● WORK TO BE COMPLETED
Restate the listing below word for word, omitting any images.

● INFORMATION SUPPLIED

■ ■ ■ ■ ■

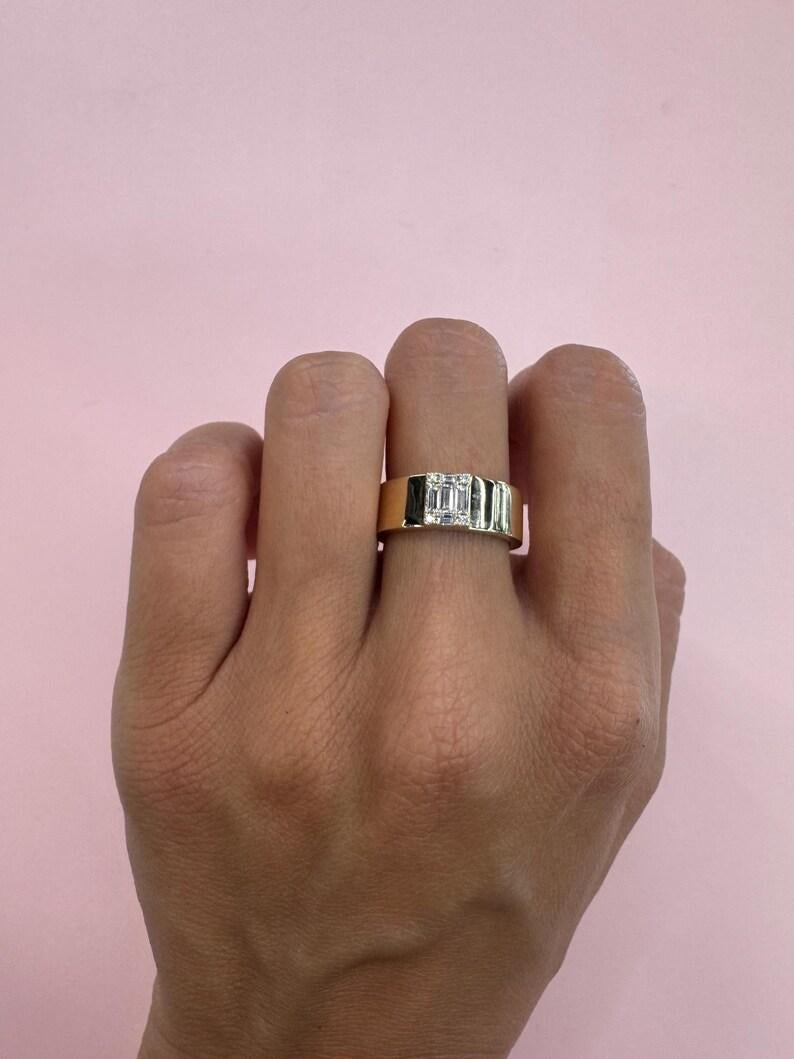 14 Karat yellow gold band featuring an Illusion setting of round and baguette diamonds weighing 0.30 carats, 6.6 MM band. 

More Fashion Rings in Stock. 
Message for Pictures & Details
Search Harbor Diamonds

■ ■ ■ ■ ■

● ANSWER SPACE
 14 Karat yellow gold band featuring an Illusion setting of round and baguette diamonds weighing 0.30 carats, 6.6 MM band. 

More Fashion Rings in Stock. 
Message for Pictures & Details
Search Harbor Diamonds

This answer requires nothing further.